Knowledge Transformations And The Subjectivities Of Professionals In The Field Of Education: Greek Responses To European Policies
Author(s):
Menie Kourou (presenting / submitting) Chronis Sifakakis (presenting) Anna Tsatsaroni
Conference:
ECER 2012
Format:
Paper

Session Information

ERG SES F 09, European education

parallel paper session

Time:
2012-09-18
09:00-10:30
Room:
FCEE - Aula 2.9
Chair:
Lejf Moos

Contribution

The Greek Government has recently introduced a series of measures concerning the management of the teaching staff and education executives, considering them as key factors for the implementation of changes envisaged. The government promotes policies  according both to special guidelines and programmes emanated from the European Union (E.U.), e.g.,  the European Framework of Qualifications (E. C, 2009) and the Lisbon Strategy, and to general discourses, promoted by transnational organizations, e.g., , OECD’s Skills Strategy.

This paper focuses on  policies indicating that the Greek authorities, responding to international discourses, prioritize the management of education and the development of professional skills for teachers and education executives, thus purporting to cover the functional needs of the education system, and, simultaneously, to regulate the professional development of teachers and education executives. These priorities in turn affect other changes in the educational field and, as documented by many studies (e.g. Alexiadou 2011), impact upon school practices, the professionalism of teachers and the structure and content of knowledge (Ball, 2010).

Two independent research studies form the background of this work, trying to explore comparatively the initial education of teachers and their training when selected to serve as education executives. We look at the consequences of these processes on education and, furthermore, on the subjectivities and the professionalism of different categories of education professionals. As a first step, we focus on the selection procedures and training of the education executives, emerging from the core of the teaching staff. We consider them to be crucial in shaping the educational process and, decisively, the content of knowledge, since, according to the official texts, executives will implement and assess the new policies, aiming to harmonize to E.U. directives and policies.
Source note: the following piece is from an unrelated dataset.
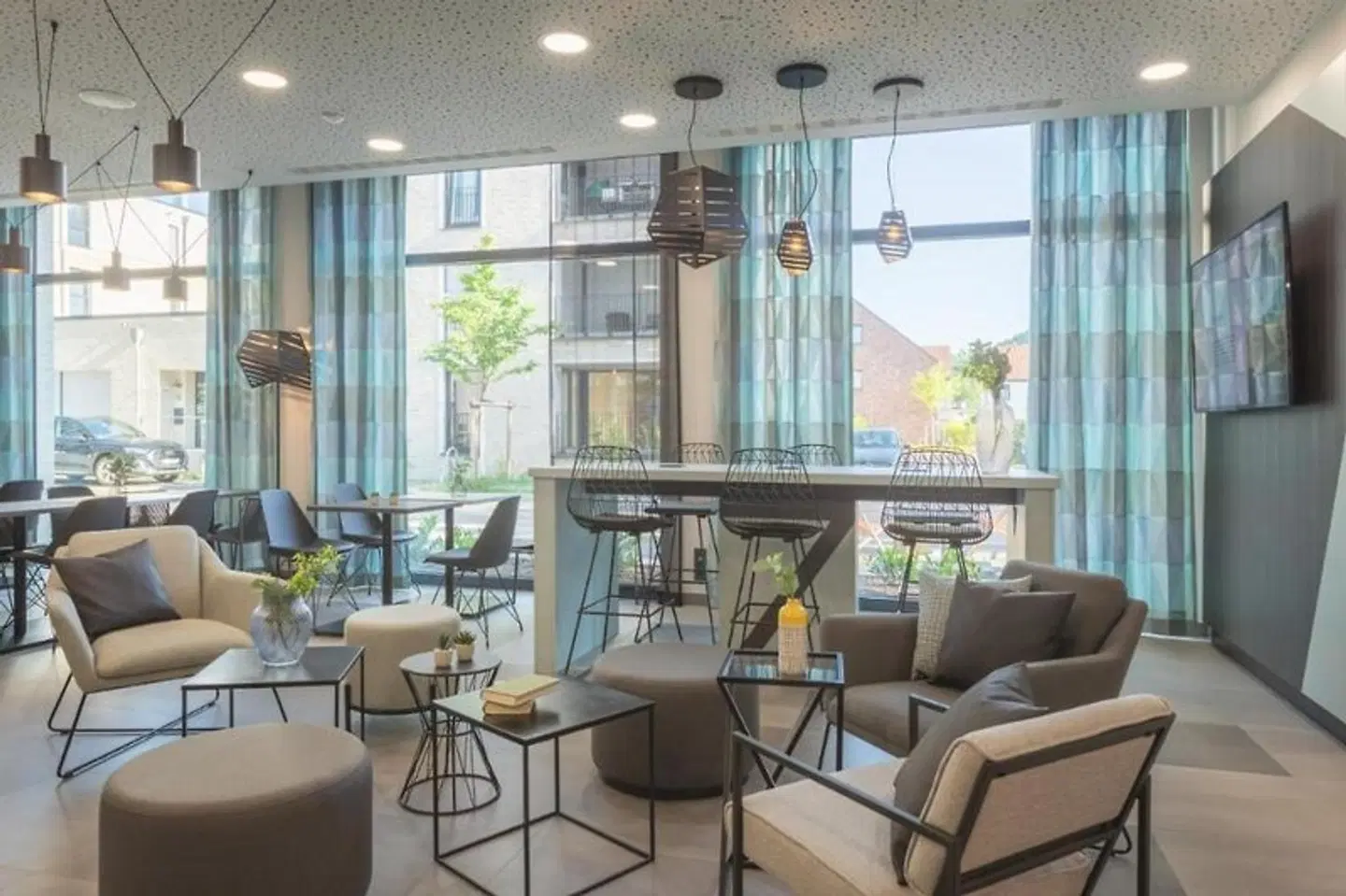 Holiday Inn - the niu, Seven Düsseldorf Ost LOUNGE_LOBBY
This collaboration seeks a creative cooperation of two theories that can function complementarily or antagonistically. We employ Bernstein’s theory of pedagogic discourse (1990, 2000) and more specifically his notions of introjection and projection, used to describe the orientation of pedagogical texts and subjects towards the inner, i.e., towards a system of symbolic meanings articulated within the academic field, or towards the outer, i.e., towards specific functional meanings, utilized in contexts of work and life.  At the same time, to explore forms of power and discourses behind the administrative models and the forms of subjectivities promoted, we draw from the theory of Foucault (1988) the notion of governmentality, which as the intersection between the technologies of power and the technologies of the self, attempts an “ascending” analysis of power; i.e., an analysis of the evolution of the minimal mechanisms of power to ever broadening and generalizing practices. This twofold choice is justified by our goal to investigate procedures of education, training and selection as discursive practices shaping “legitimate” ways of thought, consciousness, desire and action, and helping to consolidate discourses (Foucault, 2001).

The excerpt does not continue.